I do not think that you can use the HP at the pump for the coast guard rating unless the motor is rated as that from the factory.


----------



## Lil' Blue Rude (Mar 17, 2011)

bajacoop said:


> I do not think that you can use the HP at the pump for the coast guard rating unless the motor is rated as that from the factory.

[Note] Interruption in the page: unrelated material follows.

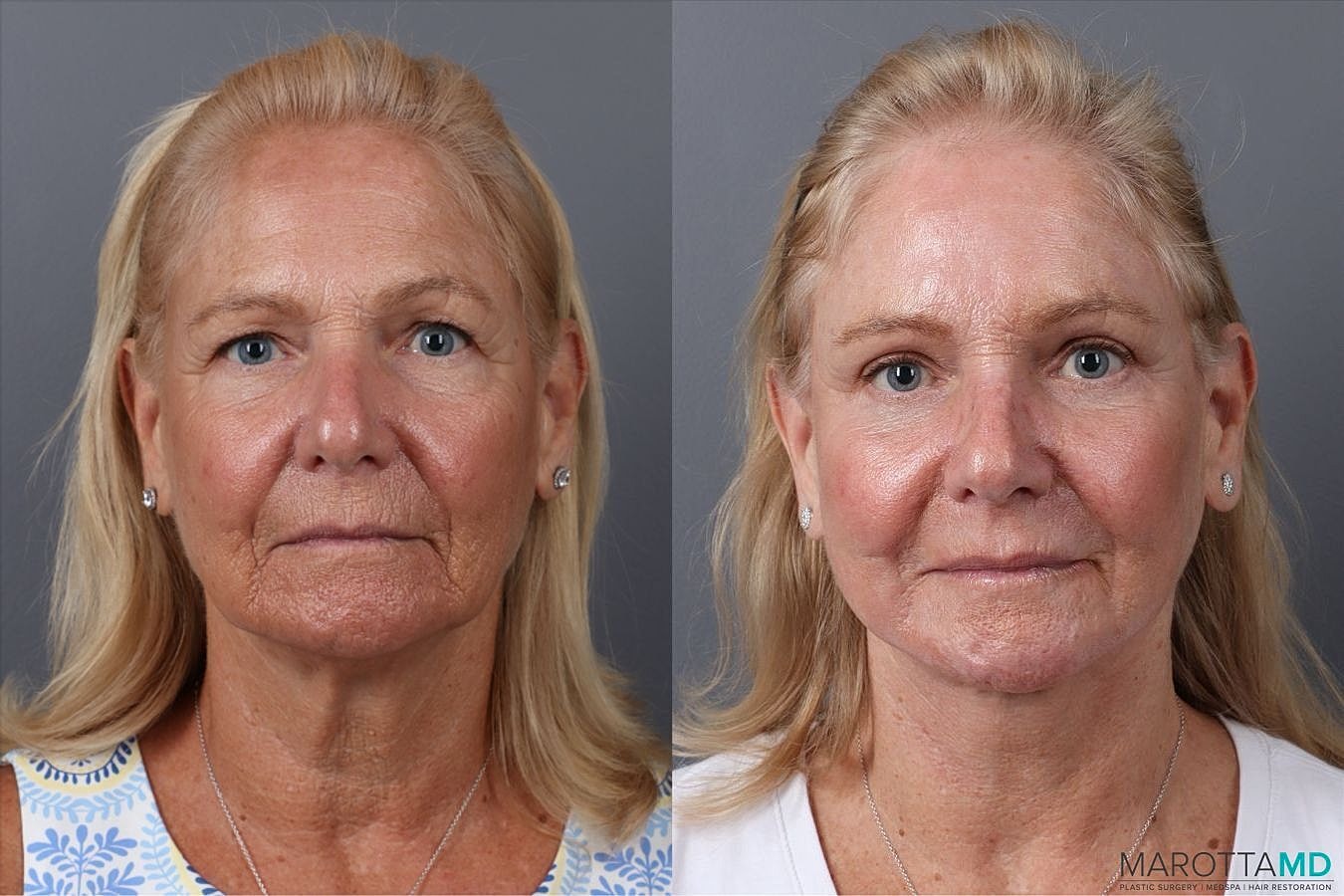 Laser Skin Resurfacing Before & After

That's how boats around here are done too.


----------



## Scottinva (Mar 17, 2011)

You may want to be careful with the Hp rating. The Yamaha F90 jet is rated at 65hp at the pump - not 60hp. I really don't know if it matters much. In my area we never get checked for that, but if you had an accident and were at fault, you may be in some trouble. You may want to check with your local Fiish or Boating agency and make sure before you upgrade.

Scott


----------



## cddogfan1 (Mar 18, 2011)

Scottinva said:


> You may want to be careful with the Hp rating. The Yamaha F90 jet is rated at 65hp at the pump - not 60hp. I really don't know if it matters much. In my area we never get checked for that, but if you had an accident and were at fault, you may be in some trouble. You may want to check with your local Fiish or Boating agency and make sure before you upgrade.
> 
> Scott



Not really woried about getting checked. I do not even think GA has any laws about a overpowered boat. Have a handfull of HP restricted lakes and 1 river section I know of. The question about the 90 was more about if you guys thought the boat would hold it and preform good with it. And would the benefits if any be worth the cost of the upgrade.


----------



## georgiaken (Mar 18, 2011)

My 16 footer has a 90/65 on it and that was the factory build.

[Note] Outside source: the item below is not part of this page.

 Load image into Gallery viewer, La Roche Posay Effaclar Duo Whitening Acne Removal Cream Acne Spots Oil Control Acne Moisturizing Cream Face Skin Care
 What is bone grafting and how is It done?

You said your boat is welded, so it should not be a problem at all....(holding the motor, not the HP regulations).


----------



## kthmarks (Mar 20, 2011)

I have a 1860 G3 CCJ/ 90/65. I think you will be much happier with the forward console. If you can, move the batteries up front too. If you're gonna go to a jet, you'll likely be spending time in shallow water (duh) and getting on plane FAST will keep you from sucking debris. I had heard the rear console 1652 with a 40/30 jet had marginal performance getting on plane with 2 persons. Since you've got a 60/40 2 str....you might be okay but it will likely be on the margin.You could always go with the setup you have and move the batteries forward first and then the console if your performance is poor.


----------